Functional bioassays

Tested and reference compounds were dissolved in DMSO at a concentration of 10^–2 M. Serial dilutions were prepared in 96-well microplate in assay buffer and eight to ten concentrations were tested.

A cellular aequorin-based functional assay was performed with recombinant Chinese hamster ovary cells expressing mitochondrially targeted aequorin, human G-protein-coupled receptors, and the promiscuous G protein α16 for 5-HT_2A. The full description of this assay is in Supplementary materials.

Isolated rat aorta was used to determine the antagonistic activity of studied compounds for 5HT_2A-receptors.

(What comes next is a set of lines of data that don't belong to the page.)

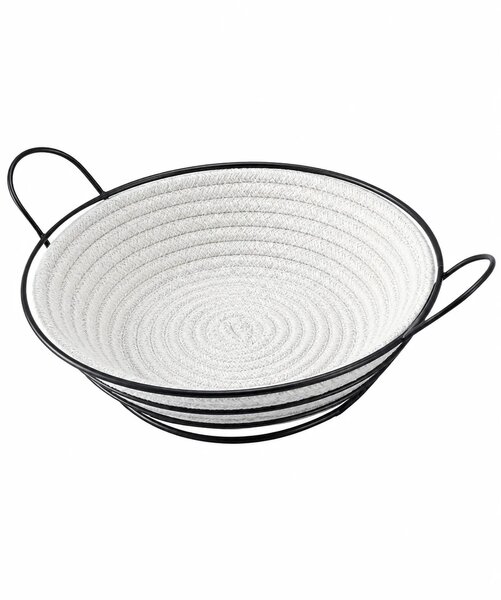Round Roti Basket – Rope Weave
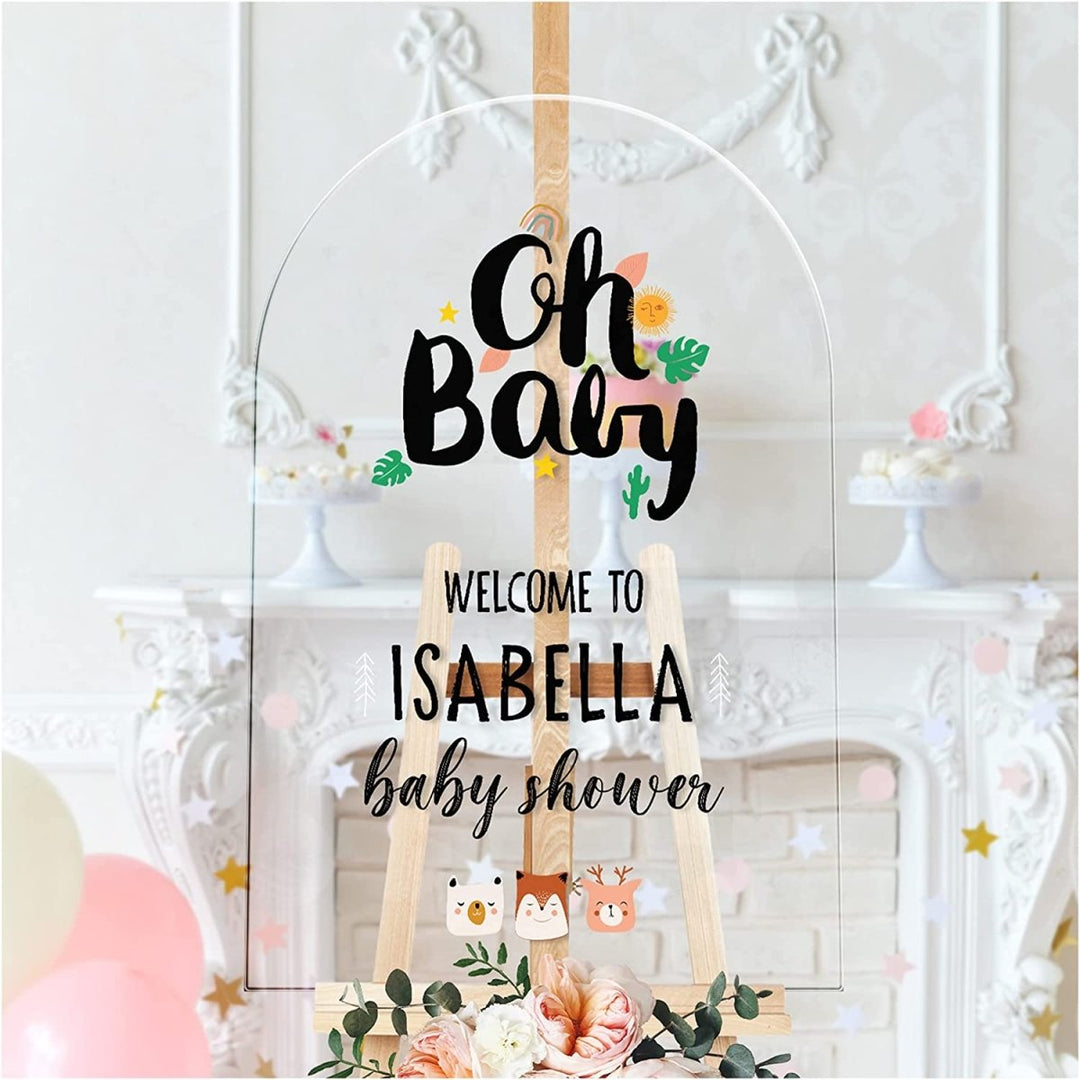 Green Animal Theme Baby Shower Entrance Sign - SpeedyOrders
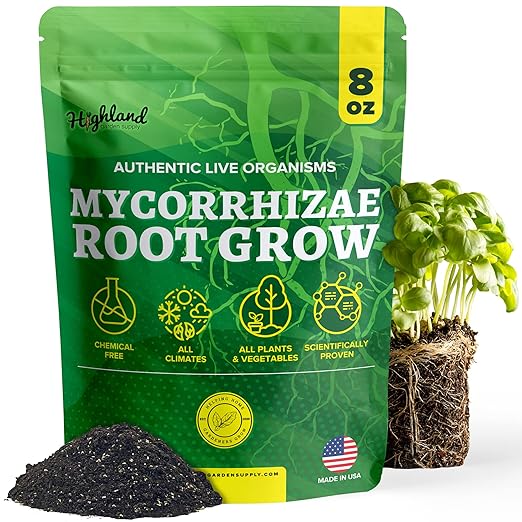 Mycorrhizal Fungi Root Grow All Natural Mycorrhizae for Plants Myco Ultra Soil Real Growers Plant Success Root Enhancer for Plants Microbes for Soil Mycorrhizal Inoculant Root Powder for Plants Soil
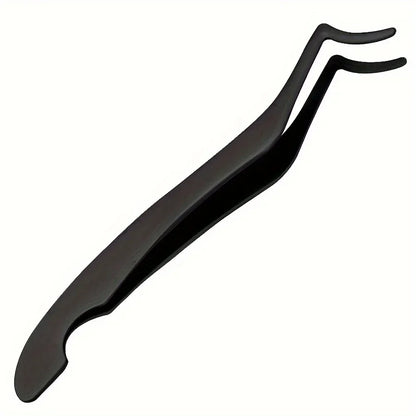 Stainless Steel Seahorse Eyelash Extension Tweezers - Straight & Curved Set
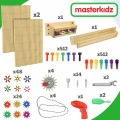 MASTERKIDZ Panele Montażowe STEM 2x 120x80 cm + Akcesoria Zestaw XXL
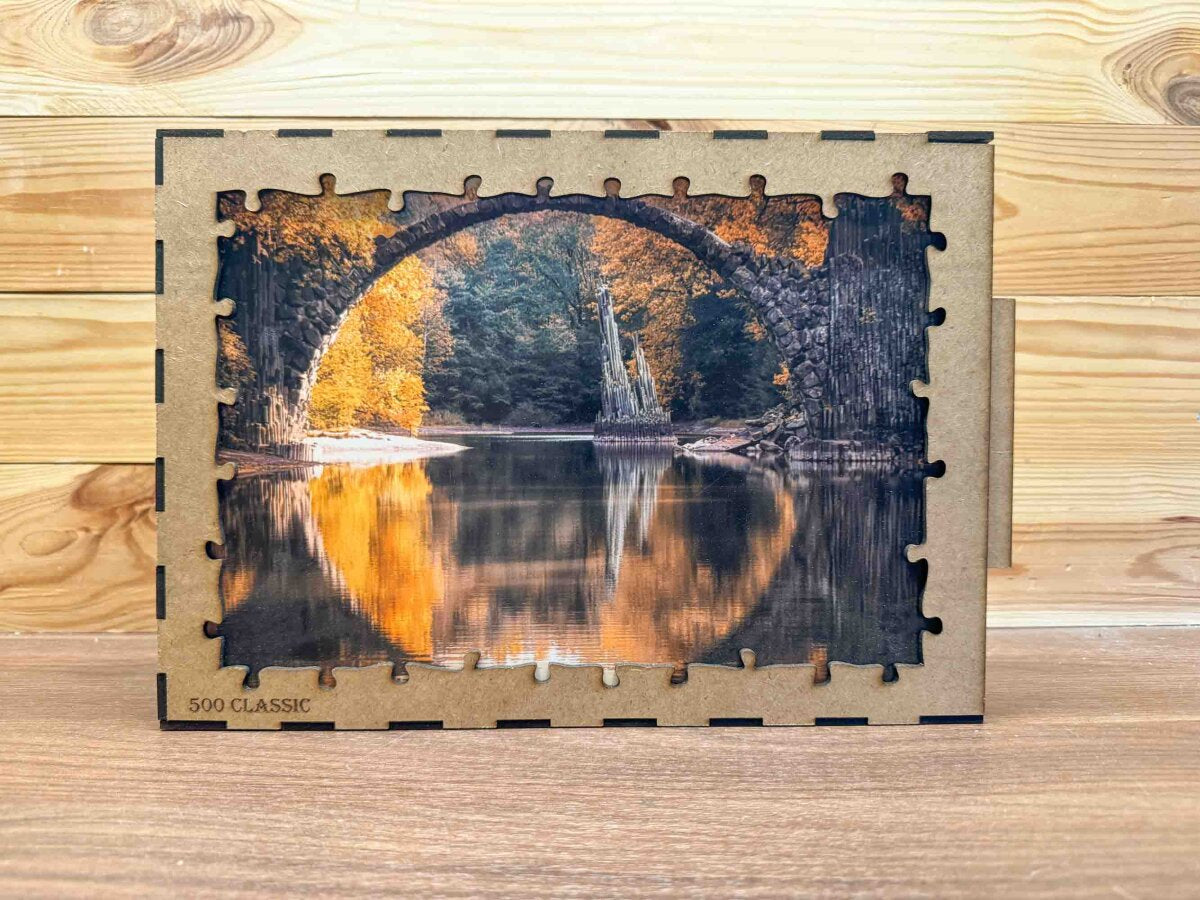 elbPUZZLE No. 32 - Rakotzbrücke - Classic 500 Teile XL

The male Wistar rats weighting 200–350 g were anesthetized with thiopental sodium (75 mg/kg i.p.) and the aorta was dissected and placed in a Krebs–Henseleit solution (NaCl 118 mM, KCl 4.7 mM, CaCl₂ 2.25 mM, MgSO₄ 1.64 mM, KH₂PO₄ 1.18 mM, NaHCO₃ 24.88 mM, glucose 10 mM, C₃H₃O₃Na 2.2 mM, EDTA 0.05 mM), denuded of the endothelium, cleaned of surrounding fat tissues and cut into 4-mm-long rings. The aortic rings were incubated in 30 ml chambers filled with a Krebs–Henseleit solution at 37 °C and pH 7.4 with constant oxygenation (O₂/CO₂, 19:1). Two stainless steel stirrups were inserted through the lumen of each aortic segment: one stirrup was attached to the bottom of the chamber and the other to an isometric FDT10-A force–displacement transducer (BIOPAC Systems, Inc., COMMAT Ltd., Turkey). The aortic rings were stretched and maintained at optimal tension of 2 g and allowed to equilibrate for 2 h.

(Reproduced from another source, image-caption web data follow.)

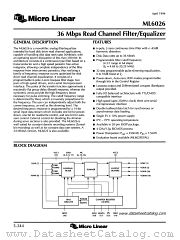 ML6026 datasheet pdf Micro Linear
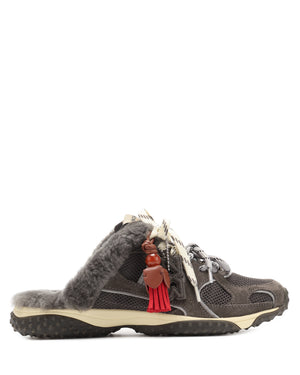 Neo Mule Anthracite Suede/Mesh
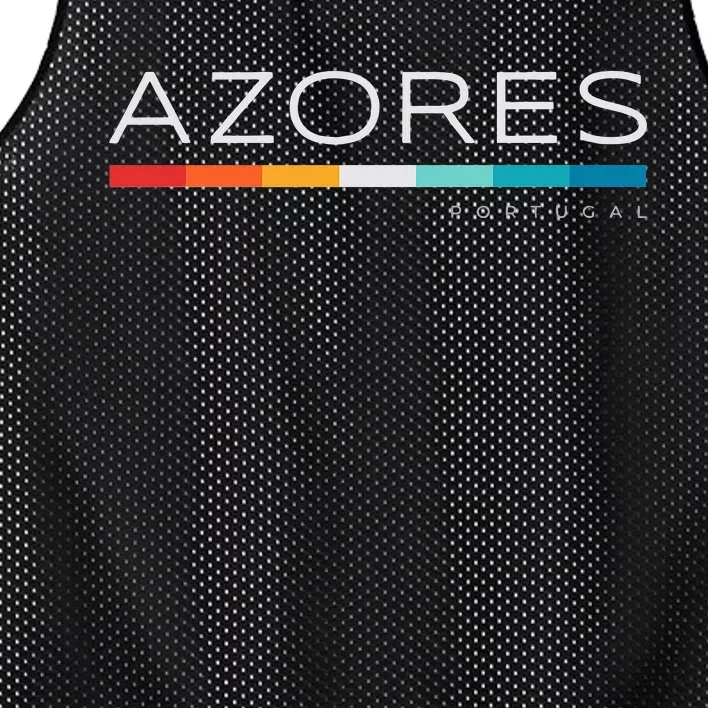 Azores Portugal Retro Design Mesh Reversible Basketball Jersey Tank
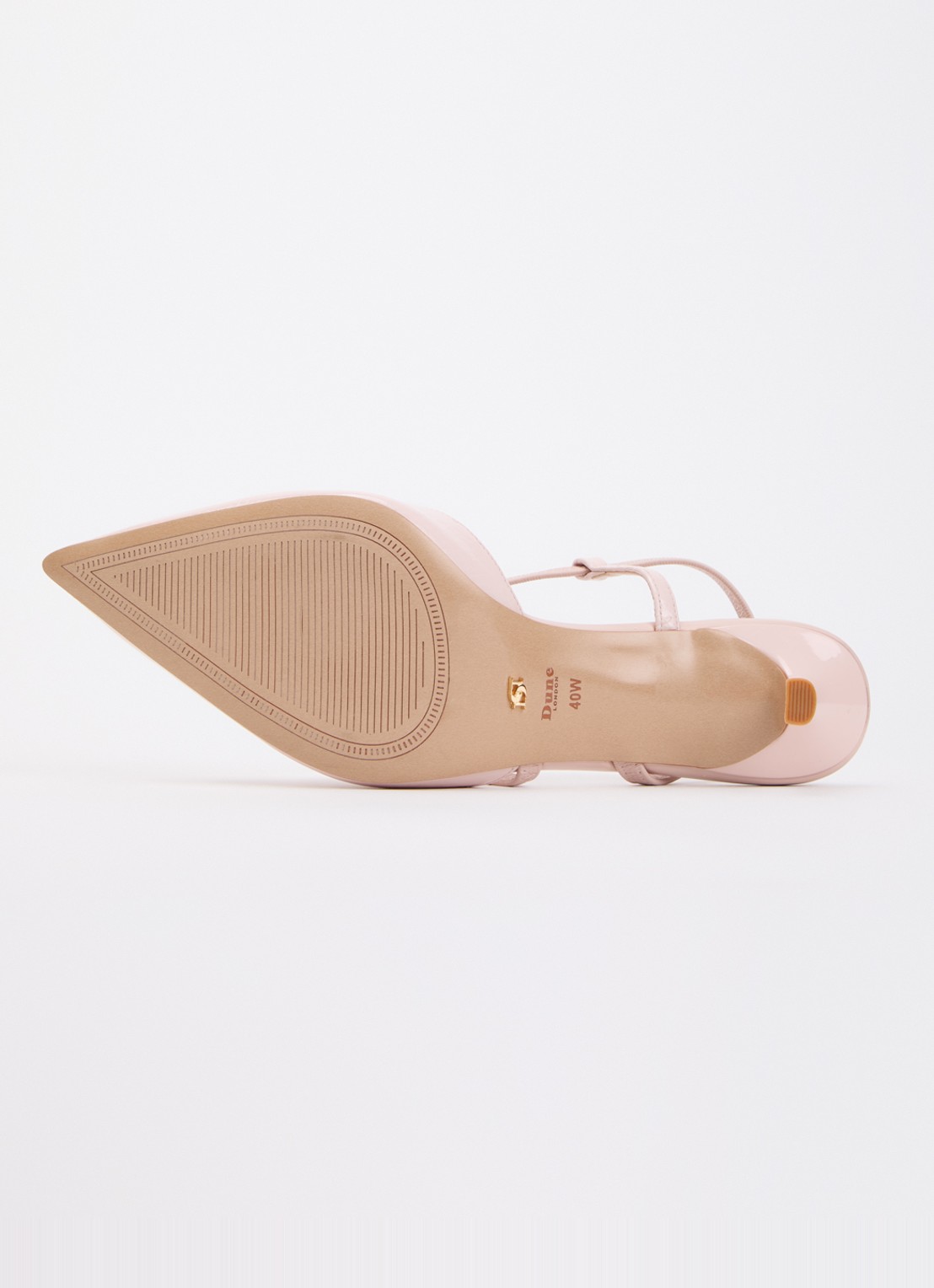 Dune London Wide Fit Charming slingback met glitter - detail 5 goud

After the equilibration period, the aortic rings were contracted to maximal tension with KCl (60 mM). The depolarizing solution KCl (60 mM) was obtained by equimolar substitution of NaCl for KCl. Then the cumulative concentration–response curves to 5-HT were determined in the absence and presence of antagonist. Tissues were incubated with antagonists for 30 min.

Concentration–response curves were analyzed using GraphPad Prism 6.0 software (GraphPad Software Inc., San Diego, CA, USA). Contractile responses to 5-HT (in the presence or absence of tested compounds) are expressed as a percentage of the maximal KCl effect reached in the concentration–response curves obtained before incubation with the tested compounds (Emax = 100%). Data are the mean ± SEM of three separate experiments. The affinity was estimated with the equation pK_B = log(concentration ratio–1)-log(molar antagonist concentration), where the concentration ratio is the ratio of equi-effective agonist concentrations in the absence and in the presence of the antagonist.

In vitro aggregation assays were performed using freshly drawn whole rat blood with a Multiplate platelet function analyzer (Roche Diagnostic), the five-channel aggregometer based on measurements of electric impedance. Blood was collected from carotid arteries with a hirudin blood tube (Roche Diagnostic). 300 μl of hirudin anticoagulated blood was mixed with 300 μl prewarmed isotonic saline solution containing studied compound or vehicle (deionized water or DMSO 0.1%) and preincubated for 3 min at 37 °C with continuous stirring. Aggregation was induced by adding collagen (Hyphen-Biomed, France) (final concentration 1.6 µg/ml), 5-HT (30 µM) and sub-threshold concentration of collagen (0.8 µg/ml), 5-HT (6 µM) and sub-threshold concentration of ADP (ADP test, Roche Diagnostic), (1.6 µM). The aggregation process was recorded for 6 min. Ketanserin (ketanserin ( +) tartrate salt, Sigma-Aldrich, Germany), sarpogrelate (sarpogrelate hydrochloride, Sigma-Aldrich, Germany), and aspirin (Tocris, UK) were used as reference compounds. The Multiplate software analyzed the area under the curve (AUC) of the clotting process of each measurement and calculated the mean values. Each concentration of studied compounds was tested at least three times. The exact sample size (n value) is presented on Figs. 2–4. Concentration-inhibition curves were constructed and analyzed by non-linear curve fitting using GraphPad Prism 6.0 (GraphPad Software Inc., San Diego, CA, USA).

Data were presented as mean ± standard error the mean (SEM). Statistical comparisons were made by the one-way analysis of variance (one-way ANOVA) and the significance of the differences between the control group and treated groups was determined by the Dunnet post hoc test. p < 0.05 was considered significant.